中学生くらいの子供や、化学も自然科学も苦手だった大人にも、納得できる説明をしてくれる情報をあちこち探し回ってみました。
・・・ん~、やっぱり難しかったです・・・!?
雪の結晶を見ると、いろいろなことがわかる!らしい
雪の降るメカニズムの解明
まず、2016年11月23日の、気象庁の荒木健太郎研究官のツイートを見てみましょう。
関東甲信の皆様にお願いです.雪が降ったら雪結晶の写真を撮って下さい.スマホでも撮れます(添付はiPhone5).雪結晶の種類等の情報は雪研究に非常に重要です.綺麗な結晶だけでなく汚い結晶も含め,雪の写真を送りつけて下さい.1円玉とかスケールがあると最高です.ご協力お願いします. pic.twitter.com/fvEWLhd0e6
— 荒木健太郎 (@arakencloud) 2016年11月23日
荒木さんは、関東甲信での降雪メカニズムについて研究しています。雪の粒子を分析すると、雲の構造や低気圧の特徴を把握するのに役立ち、ひいては降雪のしくみの解明につながっていくとのことです。
雪の結晶の形が表すこと
上空の雲の中で、温度がぐっと下がった空気の中の水蒸気が液体に戻り、氷の結晶を作りながら凍っていったものが雪です。
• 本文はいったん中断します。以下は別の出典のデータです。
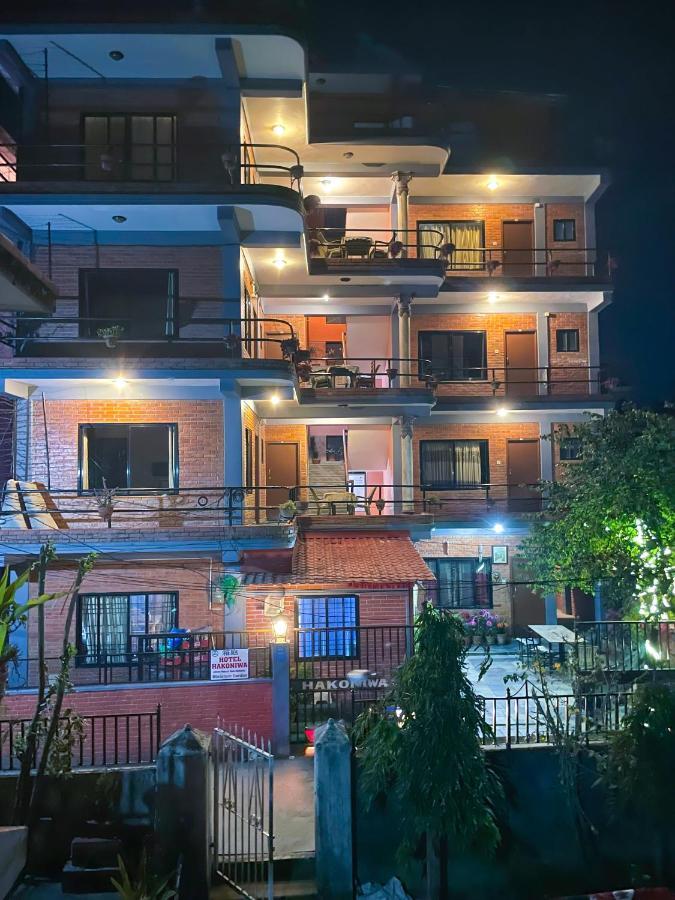 Hotel Hakoniwa Pokhara Eksteriør billede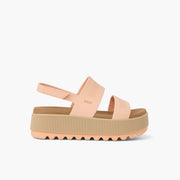 Reef Women's Water Vista Higher In Bellini/Tan M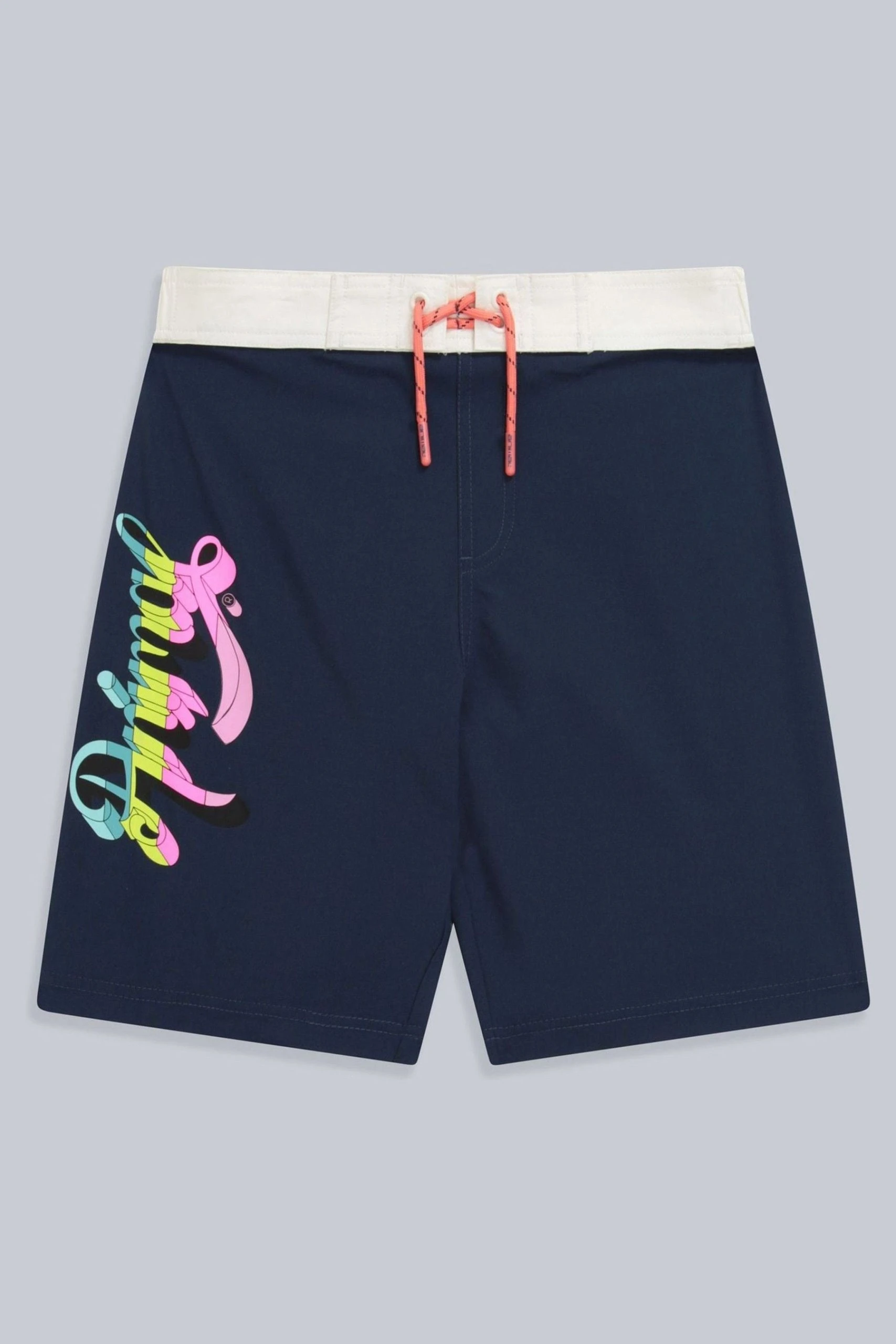Animal Girls Blue Nora Classic Boardshorts 3 Animal Girls Blue Nora Classic Boardshorts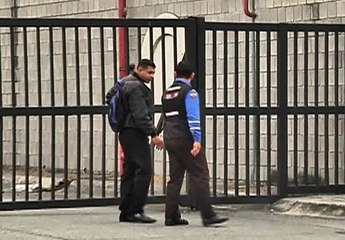 Guardia de seguridad fue herido de bala al tratar de impedir un asalto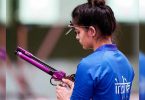 Manu Bhaker, Yashaswini Worth Miss 10m Final Water Pistol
最初は小さな小さな六角形の氷の粒ができ、その氷の粒に周りの水蒸気がどんどんくっついて凍りつき、だんだん大きな雪の結晶に成長していきます。この時、温度や湿度によって、どんな形の結晶になるかが変わってきます。
温度が-15℃前後で、湿度が110以上、という条件が揃うと、典型的な六花の樹枝状(星状)の結晶ができます。
しかし、同じ湿度でも、温度が3℃前後すると(-12℃や-18℃前後)、六角板の形になります。更に、-8℃だと針状に成長し、-20℃以下だと六角柱ができます。
また湿度が変わると、結晶の複雑さが変わってきます。
これらの情報を元に雪の結晶の形を分析することで、雲の中の大気の状態を知ることができます。
六角形と水の分子の関係
六角形に並んでくっつき凍っていく水の分子
水の分子は1個の酸素原子に2個の水素原子が、104.5度の角度でくっついているものです。
分子と分子がくっつく時は、酸素側に、他の水分子の水素側がくっつくような電気的性質があります。ひとつの水分子の周りに4つの水分子が水素側と酸素側を規則正しくそろえるように並んでくっついて凍ると、氷晶ができます。
その規則正しい並び方の基本が、六角形なのだそうです。水の分子を模型のように表すと、こんな風に、隣り合う水分子の水素側と酸素側がくっついています。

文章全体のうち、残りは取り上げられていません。